- **WORK TASK**: Give back an exact copy of the lines in the records below, from the line that has "GVIEWIN for iPhone" through the line that has "Carino retrò a", and nothing besides.

- **INFORMATION SUPPLIED**:
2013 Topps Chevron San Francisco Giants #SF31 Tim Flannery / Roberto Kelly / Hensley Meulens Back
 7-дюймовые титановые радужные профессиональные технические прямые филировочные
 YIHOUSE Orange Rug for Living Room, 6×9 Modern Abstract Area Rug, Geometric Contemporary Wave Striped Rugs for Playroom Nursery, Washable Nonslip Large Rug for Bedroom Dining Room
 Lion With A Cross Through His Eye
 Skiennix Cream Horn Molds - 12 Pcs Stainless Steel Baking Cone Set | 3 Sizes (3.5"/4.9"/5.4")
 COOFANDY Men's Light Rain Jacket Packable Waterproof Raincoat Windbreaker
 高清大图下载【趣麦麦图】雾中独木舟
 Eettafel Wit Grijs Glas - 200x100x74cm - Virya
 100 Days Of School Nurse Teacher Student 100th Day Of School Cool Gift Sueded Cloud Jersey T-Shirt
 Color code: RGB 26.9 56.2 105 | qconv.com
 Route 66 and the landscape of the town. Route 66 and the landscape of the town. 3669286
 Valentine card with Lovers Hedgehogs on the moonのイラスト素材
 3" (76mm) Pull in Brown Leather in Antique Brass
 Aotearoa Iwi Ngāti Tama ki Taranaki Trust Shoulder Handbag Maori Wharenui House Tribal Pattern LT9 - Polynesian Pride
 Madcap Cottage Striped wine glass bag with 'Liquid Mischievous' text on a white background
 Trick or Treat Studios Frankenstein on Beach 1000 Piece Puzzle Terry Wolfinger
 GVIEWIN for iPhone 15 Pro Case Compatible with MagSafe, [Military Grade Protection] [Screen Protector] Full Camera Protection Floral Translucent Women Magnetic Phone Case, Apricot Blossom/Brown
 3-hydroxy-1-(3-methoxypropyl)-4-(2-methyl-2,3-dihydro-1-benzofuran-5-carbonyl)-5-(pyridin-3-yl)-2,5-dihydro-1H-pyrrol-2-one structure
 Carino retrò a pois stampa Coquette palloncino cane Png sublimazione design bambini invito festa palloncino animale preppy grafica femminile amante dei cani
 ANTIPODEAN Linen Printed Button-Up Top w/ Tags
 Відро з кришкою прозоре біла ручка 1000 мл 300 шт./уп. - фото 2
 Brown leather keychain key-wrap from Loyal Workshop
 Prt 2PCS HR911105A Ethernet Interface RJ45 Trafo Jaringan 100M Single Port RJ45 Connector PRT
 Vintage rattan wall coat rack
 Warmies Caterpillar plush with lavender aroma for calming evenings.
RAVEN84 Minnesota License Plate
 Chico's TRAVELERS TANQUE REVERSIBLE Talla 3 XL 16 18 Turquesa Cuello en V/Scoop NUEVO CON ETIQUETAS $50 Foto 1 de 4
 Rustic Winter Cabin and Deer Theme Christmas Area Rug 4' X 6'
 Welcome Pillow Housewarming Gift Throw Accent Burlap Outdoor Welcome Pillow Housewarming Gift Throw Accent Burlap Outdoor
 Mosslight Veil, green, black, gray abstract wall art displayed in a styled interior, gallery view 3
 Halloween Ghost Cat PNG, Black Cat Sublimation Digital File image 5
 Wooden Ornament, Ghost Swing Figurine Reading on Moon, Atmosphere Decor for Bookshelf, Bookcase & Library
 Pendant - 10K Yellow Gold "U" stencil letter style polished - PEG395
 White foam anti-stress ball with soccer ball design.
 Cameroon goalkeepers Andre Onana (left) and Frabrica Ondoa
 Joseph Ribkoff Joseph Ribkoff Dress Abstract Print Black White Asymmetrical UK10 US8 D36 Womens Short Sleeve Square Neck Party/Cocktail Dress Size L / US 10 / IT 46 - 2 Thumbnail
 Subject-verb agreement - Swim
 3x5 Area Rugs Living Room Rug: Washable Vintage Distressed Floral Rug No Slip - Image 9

- **RESULT OF THE EXERCISE**:
 GVIEWIN for iPhone 15 Pro Case Compatible with MagSafe, [Military Grade Protection] [Screen Protector] Full Camera Protection Floral Translucent Women Magnetic Phone Case, Apricot Blossom/Brown
 3-hydroxy-1-(3-methoxypropyl)-4-(2-methyl-2,3-dihydro-1-benzofuran-5-carbonyl)-5-(pyridin-3-yl)-2,5-dihydro-1H-pyrrol-2-one structure
 Carino retrò a pois stampa Coquette palloncino cane Png sublimazione design bambini invito festa palloncino animale preppy grafica femminile amante dei cani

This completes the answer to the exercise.